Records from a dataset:
__________________________________________________

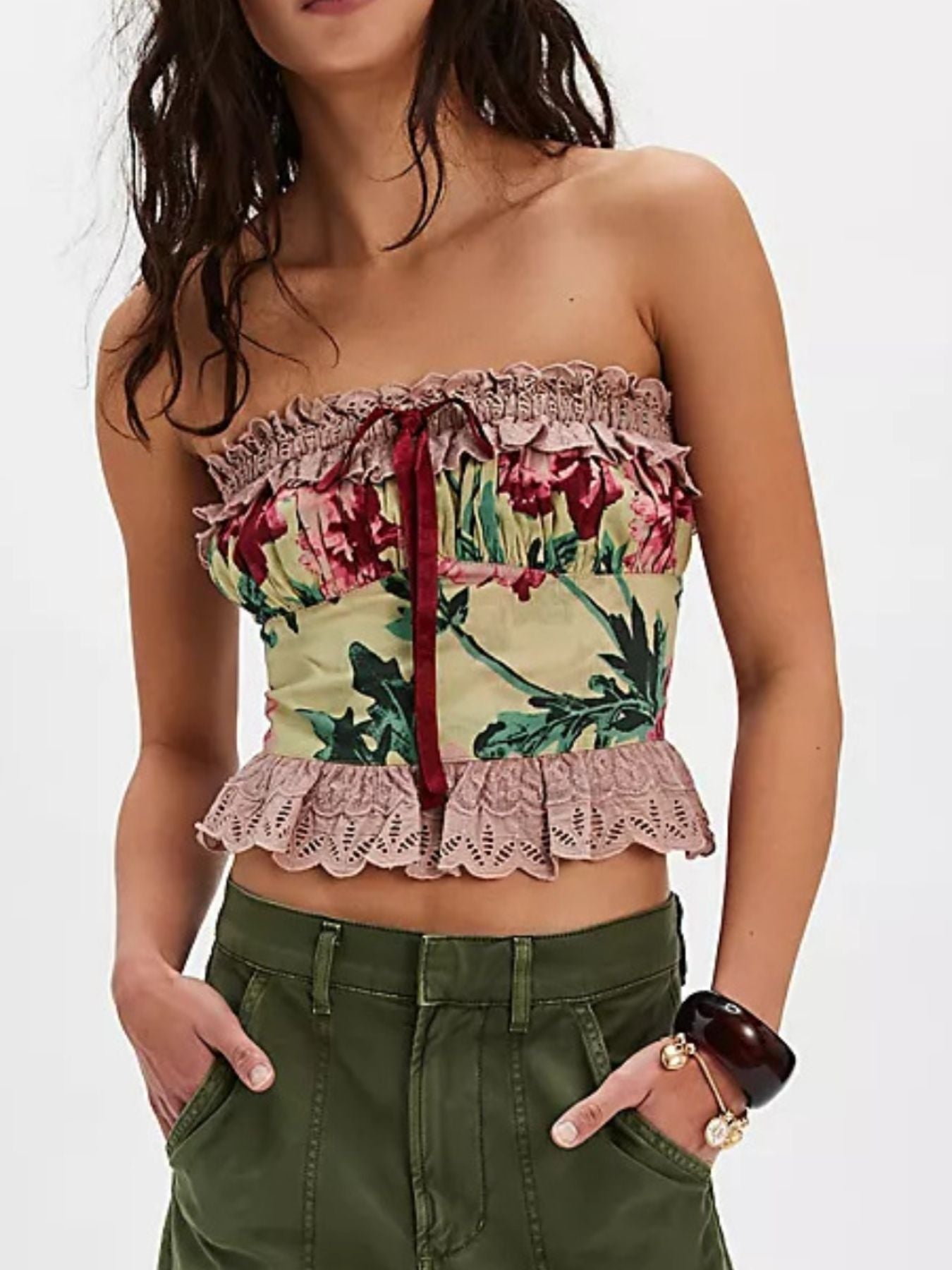 Floral Print Lace Trim Tube Top Trendsi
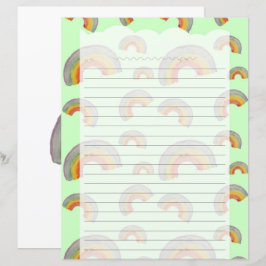 Lámina Papel de papelería de arcoíris kawaii verde pastel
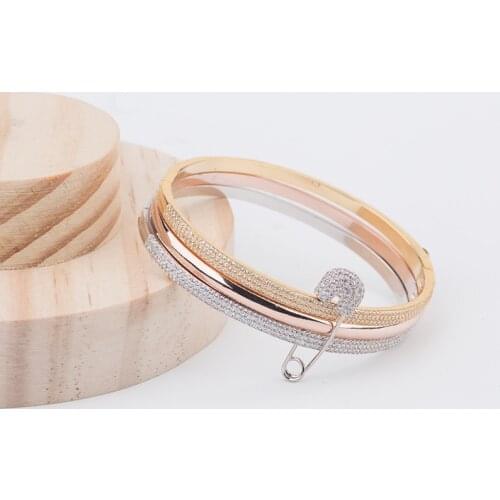 Hot brand party jewelry mix three color pin bracelet three in one bangle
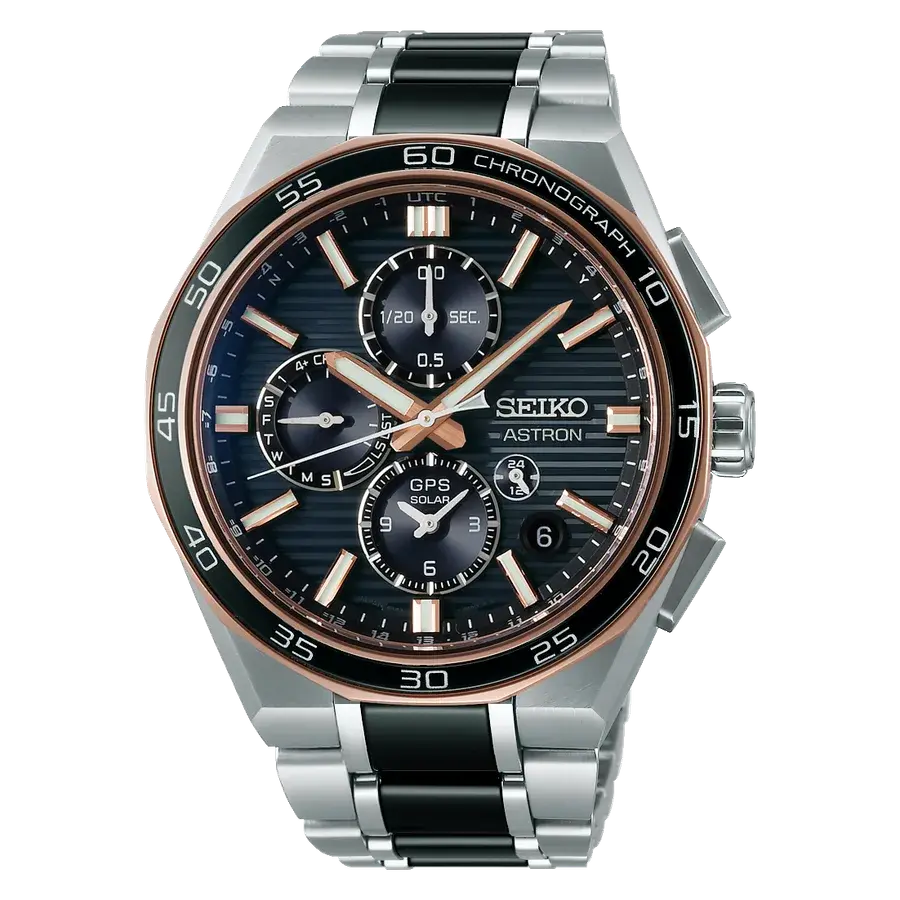 Seiko Astron SSH180 GPS Solar Two Tone Rose Gold Black Dial Titanium Limited Edition, reference SSH180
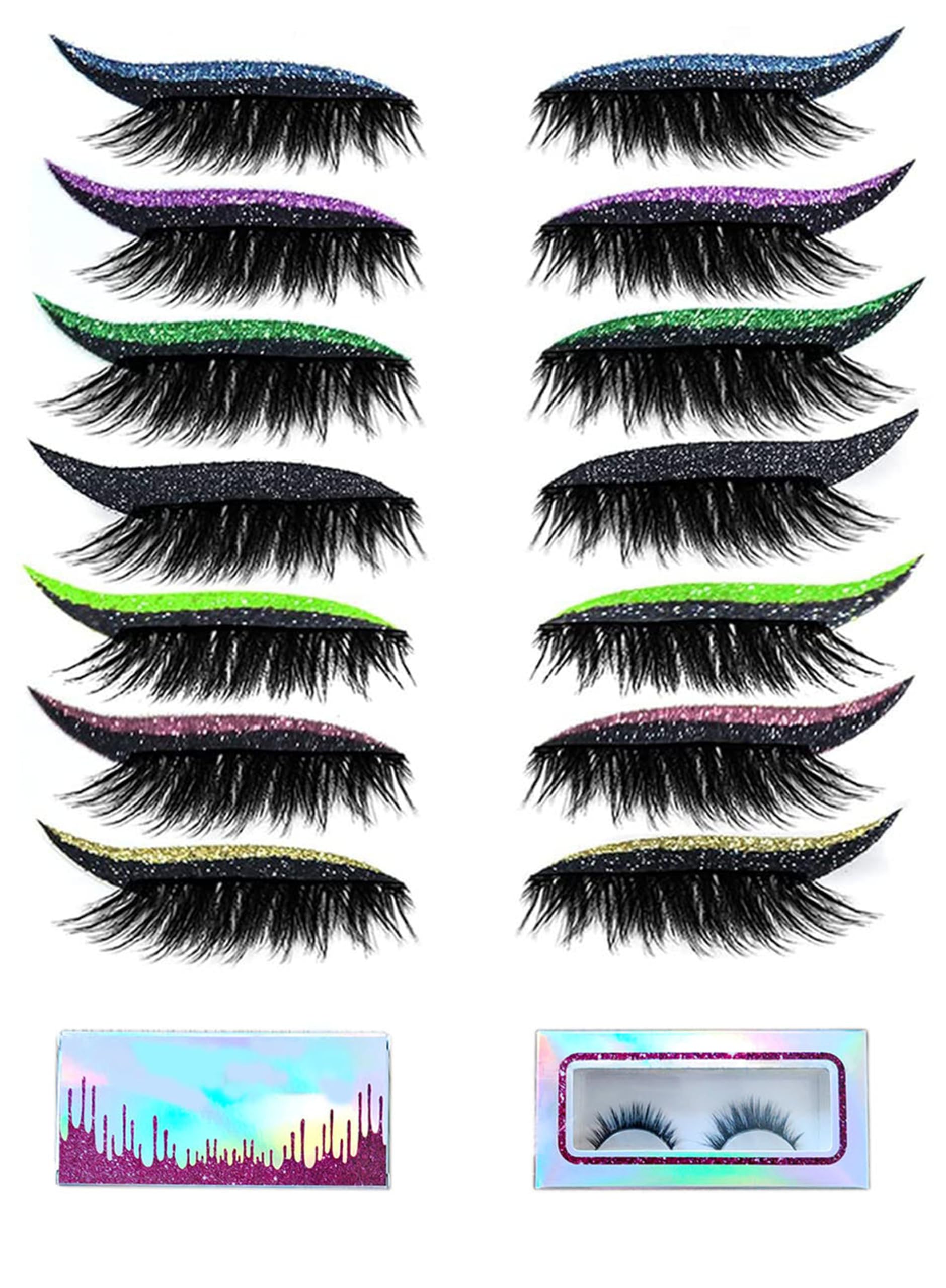False Eyelashes,7Pairs Reusable Eyeliner and Eyelash Stickers,Glitter Eyeliner Stick False Eyelash Eye Makeup Stickers,Easy to Wear and Remove,Women
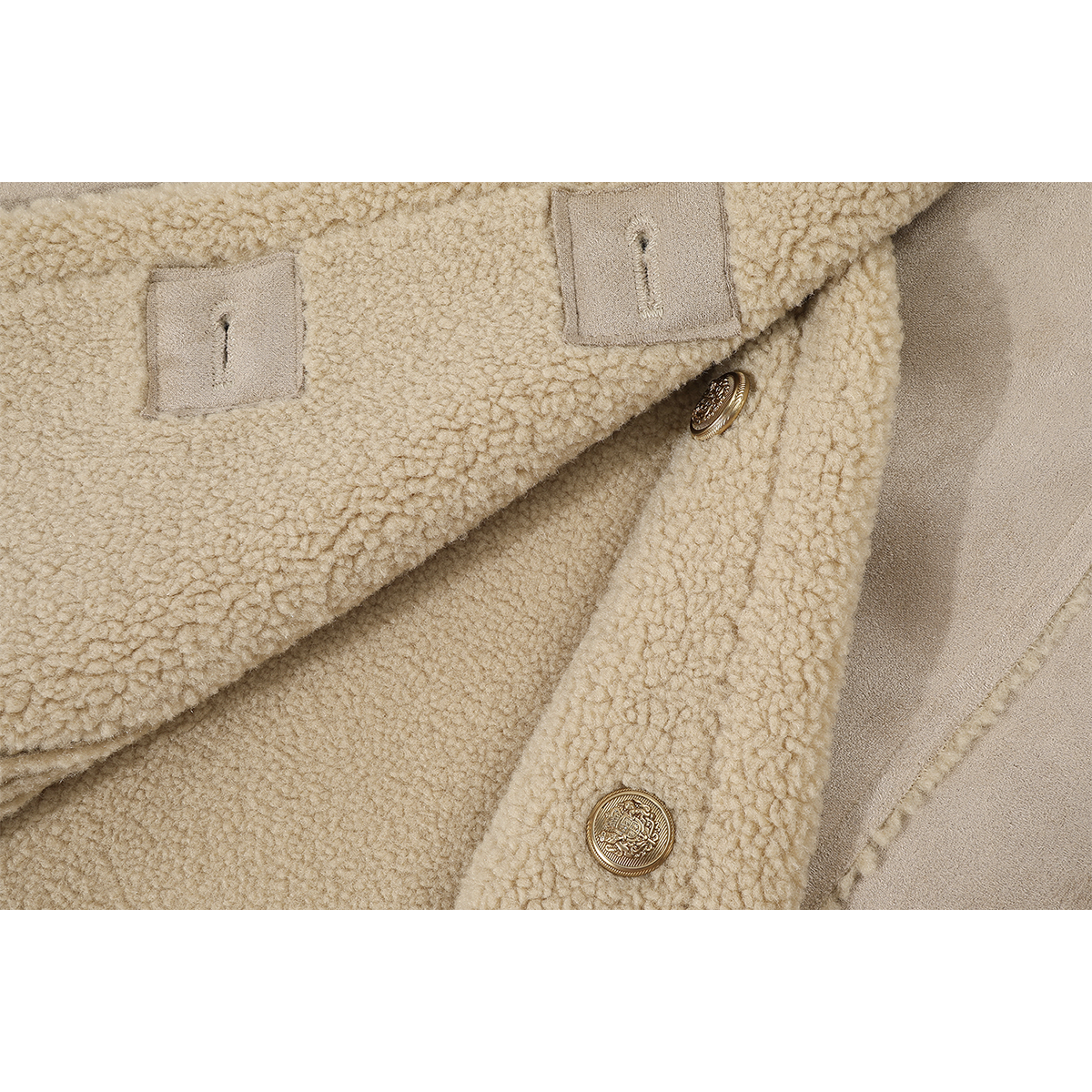 Chorlisa shearling qadınlar üçün dairəvi yaxalı palto, payız və qış, şık və dəbli, geri çevrilə bilən palto.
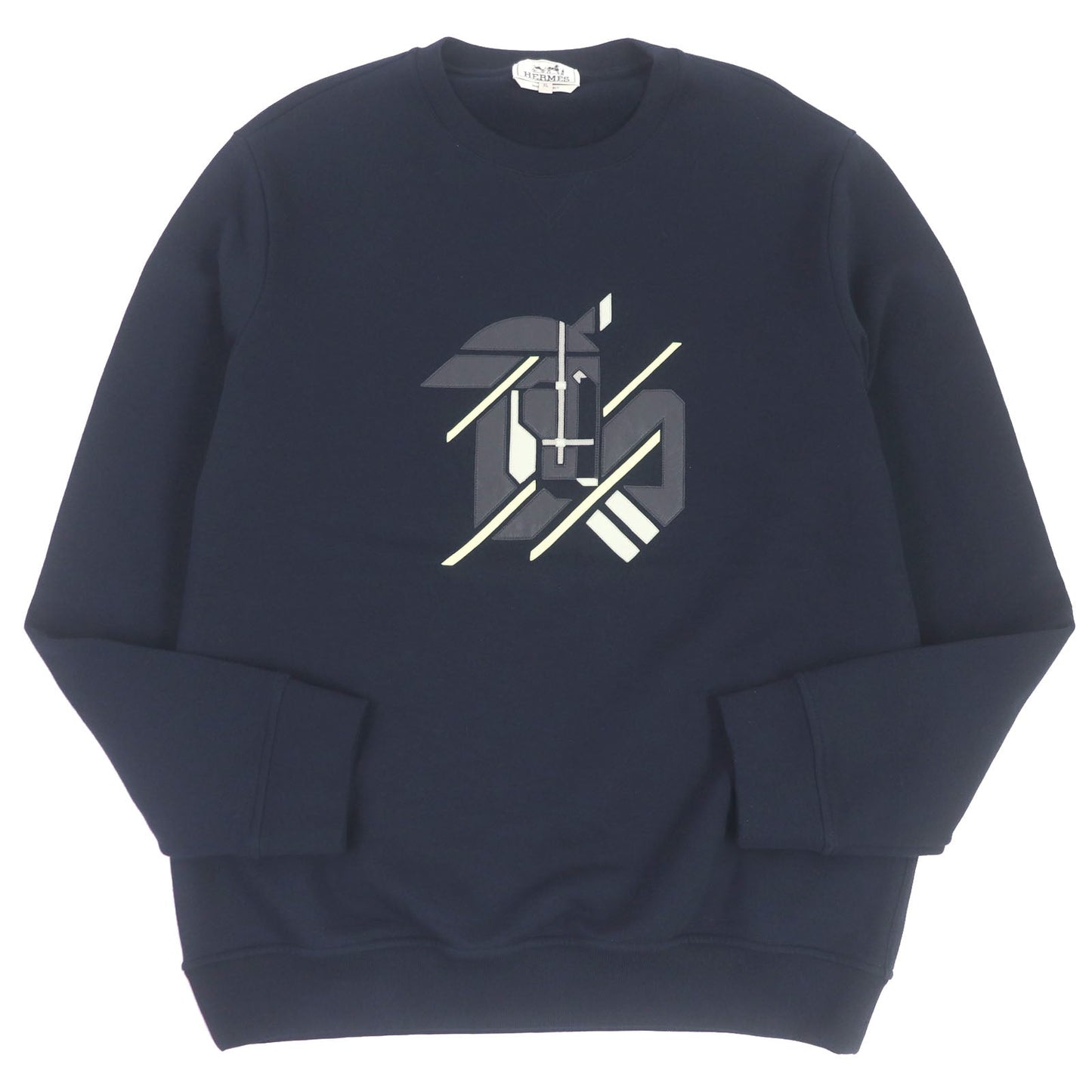 HERMES sweat cotton Dark navy Chevaux en symmetry XL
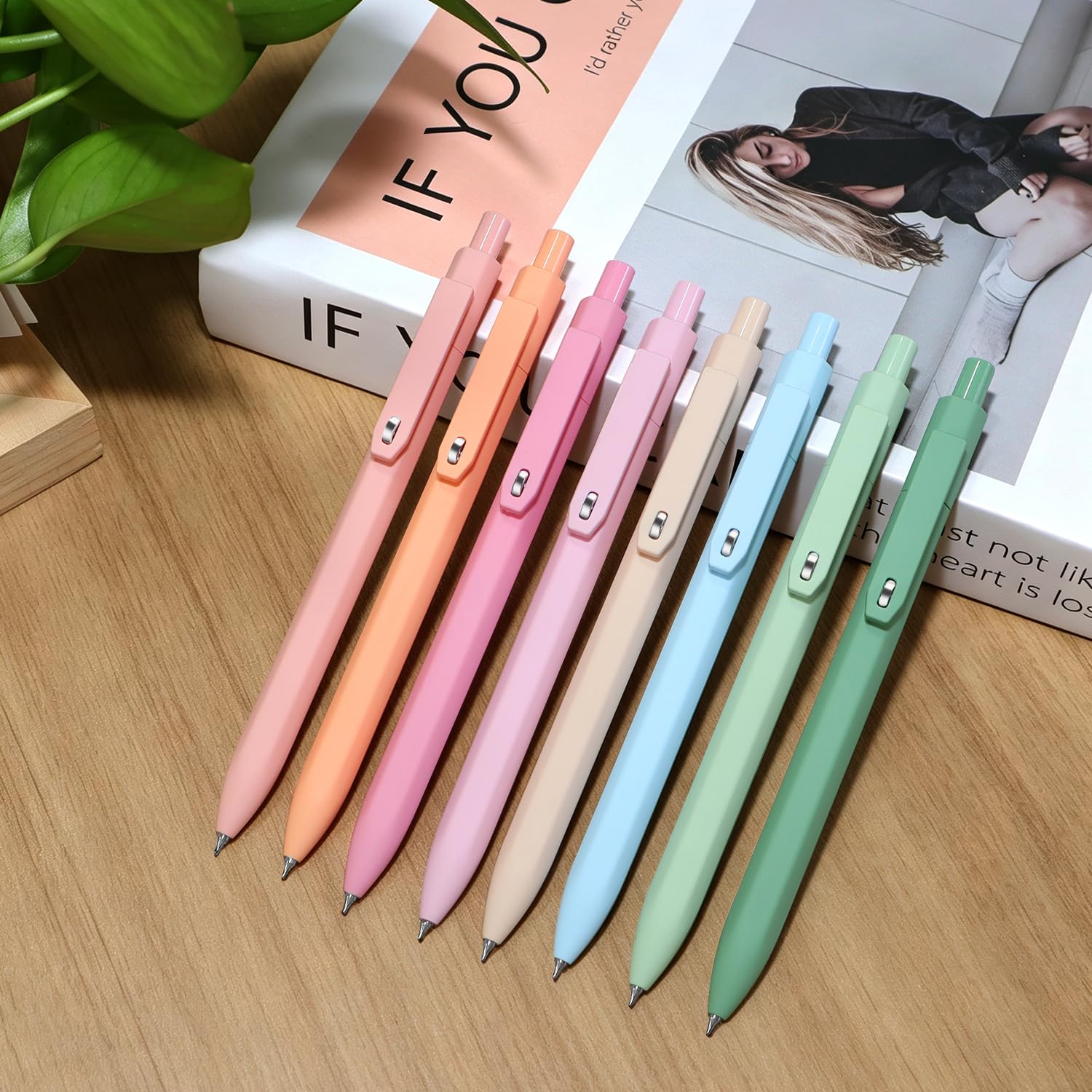Piochoo Bolígrafos estéticos, 8 bolígrafos de gel de 0.5 mm, sin manchas, de secado rápido, suaves, bonitos bolígrafos de tinta negra para mujeres, enfermeras, escuela, oficina, accesorios de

__________________________________________________

> EXERCISE BRIEF: Each line from the line containing "False Eyelashes,7Pairs Reusable" through the last line above must be written out exactly, and every picture must be omitted.

> SOLUTION FOR THIS TASK:
False Eyelashes,7Pairs Reusable Eyeliner and Eyelash Stickers,Glitter Eyeliner Stick False Eyelash Eye Makeup Stickers,Easy to Wear and Remove,Women
 Chorlisa shearling qadınlar üçün dairəvi yaxalı palto, payız və qış, şık və dəbli, geri çevrilə bilən palto.
 HERMES sweat cotton Dark navy Chevaux en symmetry XL
Piochoo Bolígrafos estéticos, 8 bolígrafos de gel de 0.5 mm, sin manchas, de secado rápido, suaves, bonitos bolígrafos de tinta negra para mujeres, enfermeras, escuela, oficina, accesorios de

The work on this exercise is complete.